Les entrées des deux tunnels sont séparées de quelques mètres à peine. L’une ressemble à un puits, l’autre à un bunker. Elles sont condamnées. Des plaques métalliques empêchent les curieux de pénétrer à l’intérieur. De toute façon, il n’y a guère de curieux dans cette zone de Rafah, dans le sud de la bande de Gaza, accolée au mur frontalier avec l’Egypte.
Le Hamas est aux aguets. Ibrahim R., 26 ans, est un policier du mouvement islamiste, qui contrôle le territoire palestinien depuis 2007. Il s’improvise guide pour convaincre le visiteur de la fin d’une époque : celle des tunnels clandestins. Ces tunnels qui ont permis pendant trente ans à la population d’acheminer de la contrebande en provenance d’Egypte : des cigarettes, de la nourriture, mais aussi des armes et des voitures.
L’histoire que narre Ibrahim R. est celle d’un Hamas vertueux, qui chercherait à empêcher l’exploitation de ces voies de passage et mettre fin aux trafics. " Nous sommes environ 800 hommes à superviser la zone frontalière, longue de 14 kilomètres, explique-t-il. Toute personne qui y pénètre est fouillée. "
En réalité, le gros du travail est abattu, depuis plus d’un an, par l’armée égyptienne. Après l’arrivée au pouvoir d’Abdel Fattah Al-Sissi, le régime égyptien a lancé une vaste opération dans la zone frontalière avec la bande de Gaza. Elle avait deux objectifs : sécuriser le Sinaï, où les djihadistes alliés à l’organisation Etat islamique (EI) montent en puissance et harcèlent l’armée ; lutter contre les trafics avec le territoire palestinien. Le premier est un échec complet, le second une victoire en demi-teinte.
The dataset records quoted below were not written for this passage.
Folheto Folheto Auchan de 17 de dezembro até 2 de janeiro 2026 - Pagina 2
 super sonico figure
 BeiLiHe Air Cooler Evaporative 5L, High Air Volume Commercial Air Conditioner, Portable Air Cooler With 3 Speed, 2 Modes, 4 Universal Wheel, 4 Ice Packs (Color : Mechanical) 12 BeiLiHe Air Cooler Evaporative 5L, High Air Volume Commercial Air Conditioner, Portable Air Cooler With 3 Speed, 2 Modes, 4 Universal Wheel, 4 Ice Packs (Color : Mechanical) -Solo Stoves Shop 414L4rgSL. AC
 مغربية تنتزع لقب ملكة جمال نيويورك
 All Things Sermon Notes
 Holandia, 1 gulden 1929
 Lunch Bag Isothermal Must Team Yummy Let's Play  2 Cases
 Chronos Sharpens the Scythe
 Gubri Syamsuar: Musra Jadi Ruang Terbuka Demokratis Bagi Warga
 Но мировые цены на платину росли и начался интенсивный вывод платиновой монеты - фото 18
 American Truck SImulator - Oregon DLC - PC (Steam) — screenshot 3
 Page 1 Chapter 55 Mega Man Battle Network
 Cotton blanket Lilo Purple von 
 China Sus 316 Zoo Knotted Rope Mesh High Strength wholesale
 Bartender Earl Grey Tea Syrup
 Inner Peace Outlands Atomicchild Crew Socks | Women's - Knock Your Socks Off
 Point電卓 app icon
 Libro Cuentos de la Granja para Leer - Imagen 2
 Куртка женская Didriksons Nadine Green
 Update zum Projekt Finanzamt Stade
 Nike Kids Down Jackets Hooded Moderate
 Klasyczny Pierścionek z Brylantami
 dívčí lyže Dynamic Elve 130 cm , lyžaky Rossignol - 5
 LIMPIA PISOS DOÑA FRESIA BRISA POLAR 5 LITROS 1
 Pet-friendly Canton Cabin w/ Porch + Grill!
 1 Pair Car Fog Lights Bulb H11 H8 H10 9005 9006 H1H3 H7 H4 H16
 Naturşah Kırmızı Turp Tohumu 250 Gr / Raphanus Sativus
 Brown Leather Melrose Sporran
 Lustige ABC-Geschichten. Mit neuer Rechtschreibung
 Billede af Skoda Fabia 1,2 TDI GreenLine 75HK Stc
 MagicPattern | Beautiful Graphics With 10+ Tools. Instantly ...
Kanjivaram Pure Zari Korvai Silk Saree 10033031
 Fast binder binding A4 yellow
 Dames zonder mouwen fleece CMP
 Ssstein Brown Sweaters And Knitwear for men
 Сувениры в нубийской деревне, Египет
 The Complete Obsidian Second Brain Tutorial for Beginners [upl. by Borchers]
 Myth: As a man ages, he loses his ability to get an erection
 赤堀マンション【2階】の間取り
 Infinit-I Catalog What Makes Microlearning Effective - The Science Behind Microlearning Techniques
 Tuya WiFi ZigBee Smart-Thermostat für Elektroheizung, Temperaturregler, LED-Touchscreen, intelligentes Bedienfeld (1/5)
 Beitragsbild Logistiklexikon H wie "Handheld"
Ibrahim R. monte dans le bureau provisoire où s’affairent des collègues. Leur ancien bâtiment n’est que ruines, après un bombardement israélien à l’été 2014. En hauteur, on perçoit mieux le résultat de l’opération égyptienne, de l’autre côté du mur, à quelques centaines de mètres de là. Les bulldozers ont rasé méthodiquement les habitations de Rafah, ville scindée en deux. Une mosquée reste debout au milieu du désert urbain. Par endroits, la zone tampon avec Gaza a été étendue jusqu’à trois kilomètres. En mai, le président égyptien a déclaré qu’au moins 80 % des tunnels avaient été détruits au cours des six mois précédents. " Les Egyptiens nous font mal, reconnaît le policier du Hamas, mais on a le même sang et un ennemi commun, Israël. "
Le maire de Rafah, Sobi Redwan, mesure les dégâts provoqués par la condamnation des tunnels. " La roue de l’économie est à l’arrêt. Heureusement, la semaine dernière, du ciment égyptien est entré en petite quantité par le point de passage. C’était la première fois depuis l’été. " Conscients du risque d’asphyxie de Gaza, les Egyptiens ont décidé, comme les Israéliens au nord, de desserrer l’étreinte du blocus, pour éviter une explosion de violence. Des contacts avec le Hamas ont même été établis, au nom de la lutte contre le djihadisme. Pendant le mois du ramadan, l’Egypte a accepté de rouvrir quelques jours le point de passage de Rafah. En revanche, pas question de permettre une réhabilitation des tunnels. " Il n’y en a plus, c’est trop dangereux, prétend le maire. Nous ne voulons pas qu’ils réapparaissent. Nous demandons plutôt la fin du blocus. "
Dans les petites épiceries de Rafah, on travaille au ralenti, et ce n’est pas seulement dû au ramadan. Youssef Abou Nadja, 65 ans, s’ennuie derrière sa caisse rouillée. Il est seul aux affaires. Le commerçant a dû changer ses approvisionnements depuis que la pression égyptienne a débuté. " Avant, tous nos produits venaient d’Egypte. Maintenant, je les fais venir de Cisjordanie et surtout d’Israël. "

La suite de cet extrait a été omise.